Exercise: Reproduce the whole listing that follows, character for character, and drop the images.

Data below:
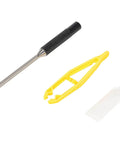 Nail punch tool with yellow aligner and clear plastic cover on white background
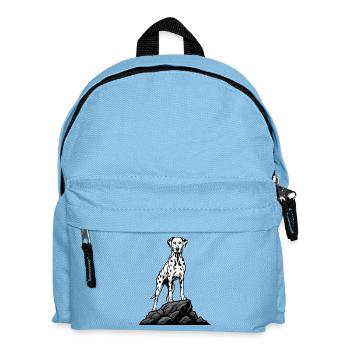 Chien Dalmatien sur Rocher Portrait Tacheté Noir - Sac à dos Enfant - bleu clair - Devant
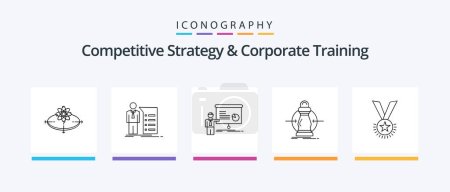 Illustration for Competitive Strategy And Corporate Training Line 5 Icon Pack Including conference. direction. business. decision. choice. Creative Icons Design - Royalty Free Image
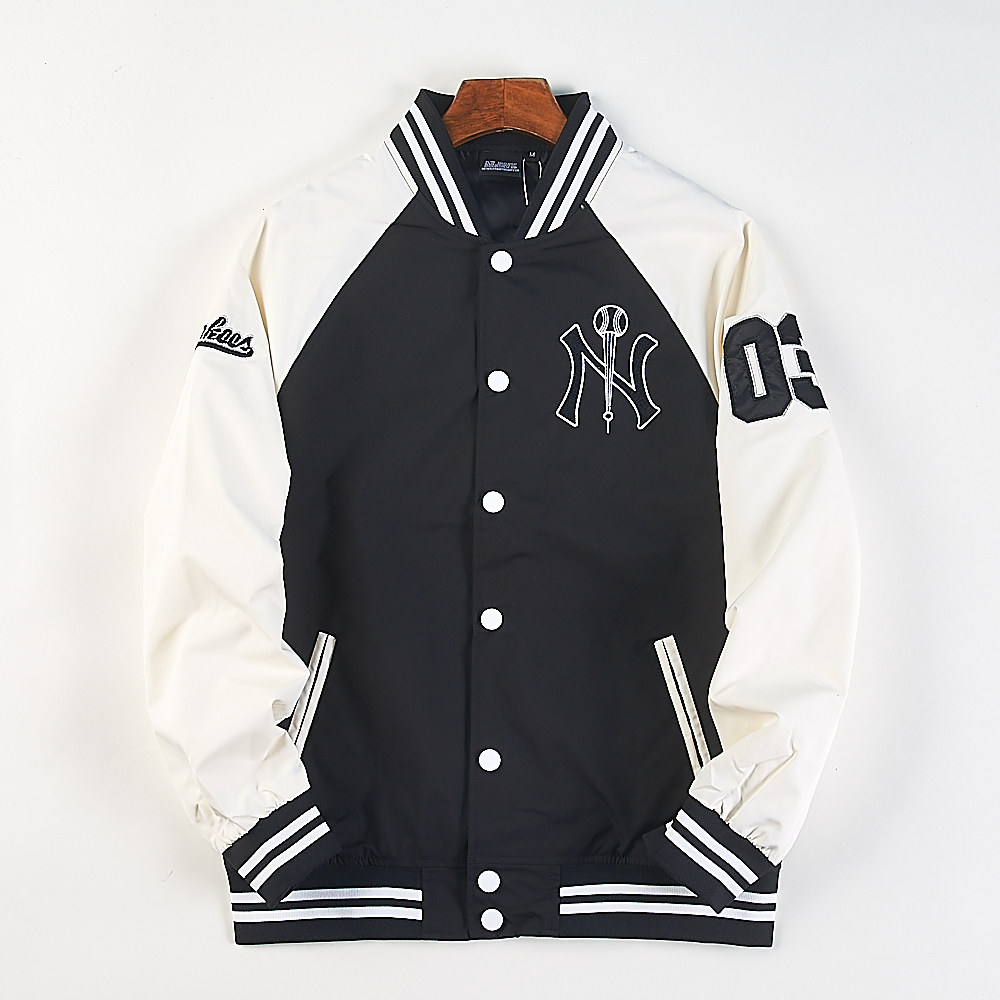 美式棒球服短外套男女情侣H85064春秋季撞色拼接刺绣运动休闲夹克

Exercise response:
 Nail punch tool with yellow aligner and clear plastic cover on white background
 Chien Dalmatien sur Rocher Portrait Tacheté Noir - Sac à dos Enfant - bleu clair - Devant
 Illustration for Competitive Strategy And Corporate Training Line 5 Icon Pack Including conference. direction. business. decision. choice. Creative Icons Design - Royalty Free Image
 美式棒球服短外套男女情侣H85064春秋季撞色拼接刺绣运动休闲夹克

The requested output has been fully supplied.